359 days booze free, 343 smoke free

I’ve been wanting to hide for a week. I resigned from my job (of seven whole months) to take an amazing role at a startup in San Francisco. I’ll be working remote, mostly, from my home in Seattle. It’s SO so good. But this past week at work has felt pretty much awful. And in all my free time at work and at home I’ve felt guilty and weird and UNCOMFORTABLE. Major discomfort.

What I want to do is just snap my fingers and be out of my current job without any hard feelings or loss of reputation, and move directly to “I’m happy and comfortable at my new job”. But I know that can’t happen. There’s so much anxiety yet to be lived through.

First, there’s the actual leaving of the job (next week is my last week). With that comes all the good-byes, the many nuanced variations on my story that I’ll tell people, fielding the many assumptions about why I’m leaving, people telling me my story for me, the linkein frenzy, and then the middle of the night: “did I make a mistake??” ruminations.

Then after being done with my current job, there’s the blessed break I am taking in between jobs. Three whole weeks. I can’t really truly comfortably afford to take off three weeks unpaid, but I’m doing it because it is a special chance to do it. Because I technically can do it, financially, even if it’s kind of dumb. But I want it. Or, really, I wanted it back when I wanted to quit my job so badly. Now I’m just feeling anxious about those three weeks. My husband and I are doing a road trip to Palm Springs to visit his dad and step-mom. It will be so relaxing, I know. And honestly, it’s the cheapest vacation ever. But I’m worried. I’m worried my husband and I will fight on the long ass drive. I’m worried I’ll spend too much money. I’m worried I won’t really relax properly during this ONE CHANCE I have in between jobs to relax without checking email.

After Palm Springs I’m flying to NYC for the SheRecovers event where I will meet literally hundreds of women in person after knowing them intimately online in private sober groups on Facebook. It’s intense as a prospect, let alone as the icing on the cake of my magical time off and fancy new job at a cool startup in San Francisco.

And then there’s the starting of the new job. We all know that anxiety. It’s hard work. It’s new people. It’s proving myself while staying low profile until I actually have a meaningful thing to contribute. It’s a lot of pressure, and I’m nervous about it.

So, with all of this shit to worry about, I then think: what the fuck is my problem? Literally every single one of my big problems are the definition of great problems to have. So I feel unsettled and weird and privileged and like a fat ugly American who has too much and wants too much. This big gluttonous girl doesn’t deserve one stitch of this goodness.

And all I want to do is escape.

I’ve been clocking 9+ hours of sleep every night and dragging my ass out of bed in the morning. I’m drained and anxious. I recently started walking again to get out of my head.

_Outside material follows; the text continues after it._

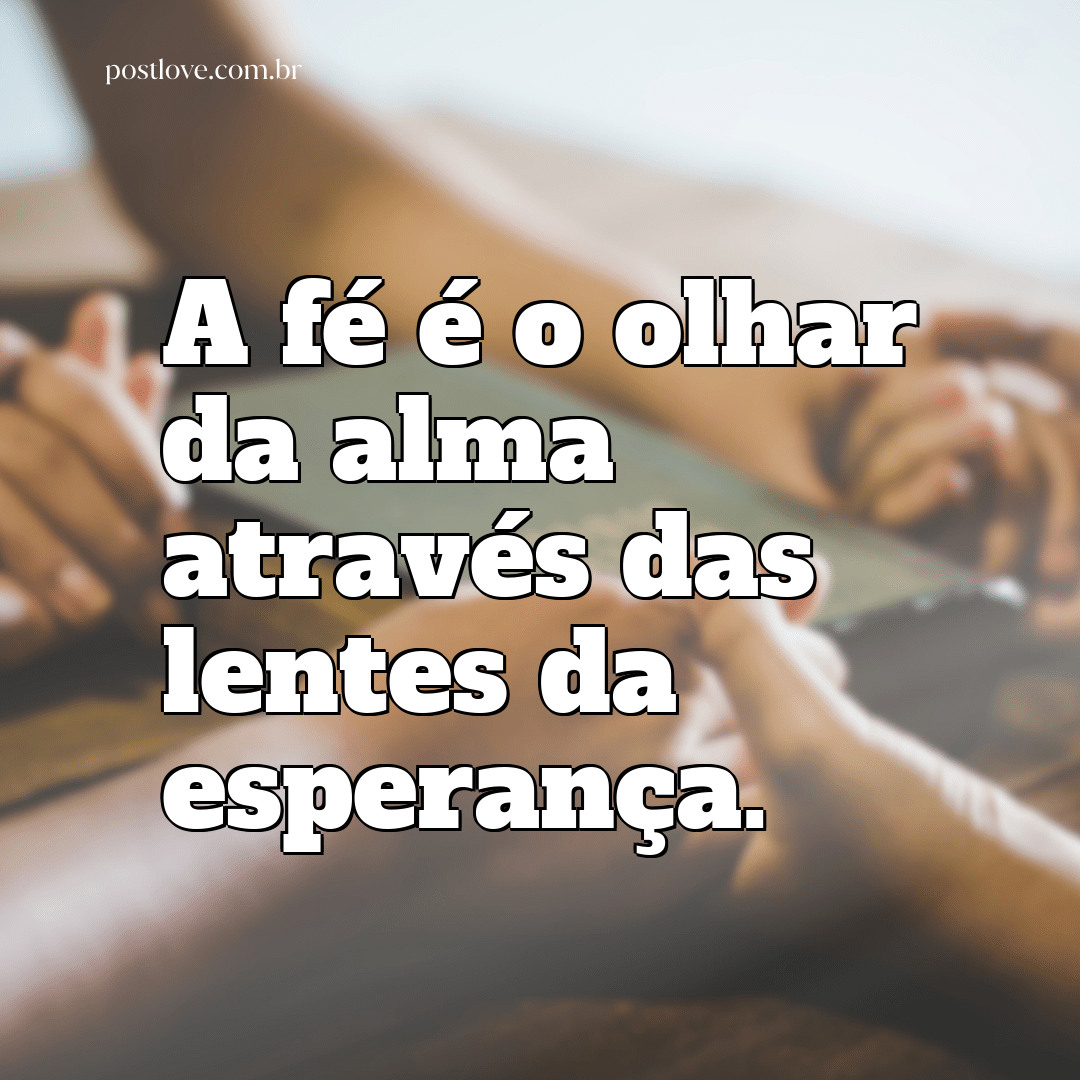 “A fé é o olhar da alma através das lentes da esperança.”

I’ve been eating a little more sugar for escape, but also consciously getting more fiber and fruits and veggies so my bod doesn’t feel bloated and extra tired. I’ve been listening to my Isabel Foxen Duke “stop fighting food” modules and coaching calls. I’m trying really hard to take care of myself in the best way I know. And you know what? It’s working. And the anxiety does pass for little periods of time.

But you know what else? With all this (first world) anxiety, I still haven’t wanted to drink or smoke. Not once. I did think about it a couple of weeks ago, but not now. Not while I’m squirming with itchy discomfort over all the crazy changes in my life.

I remember reading Holly Whitaker’s list (on www.hipsobriety.com) of a million things that she accomplished or that got better since she quit drinking and thinking to myself: BULLSHIT. It’s utter bullshit. It’s not all because she quit drinking. That’s absurd. But is it?

My next post will be a proper list of the new and good stuff that’s happened in this past year of being sober and smoke free, but as I sit back and think about it, there’s a lot that has happened. Maybe the best part is my improved connection to my true self and with new friends. But there’s other stuff too. 🙂





2 thoughts on “359 days booze free, 343 smoke free

  1. It’s impossible to say for certain whether one change in your life causes other changes, because everything we do is interconnected. There are positive and negative feedback loops going on all the time. One change can be a catalyst for another, but that second positive change feeds into other changes as much as the first one did. As long as everything is moving in a positive direction, I say just keep doing what you’re doing and don’t worry about all the chains of causation.

    Best of luck with the new venture! You’re smart to take time off in between jobs. I once went from leaving one job on a Friday to starting the next job – with no vacation time accrued – the following Monday. Huge mistake. I burned out so fast it was unreal.


  2. Ooh, stop by and see me on your trip, I’m right off of I-5 in Salem! Good idea taking time off, it’s hard with a new job to take vacation right away. Also outstanding booze/smoke/diet quitting year 😀 for you!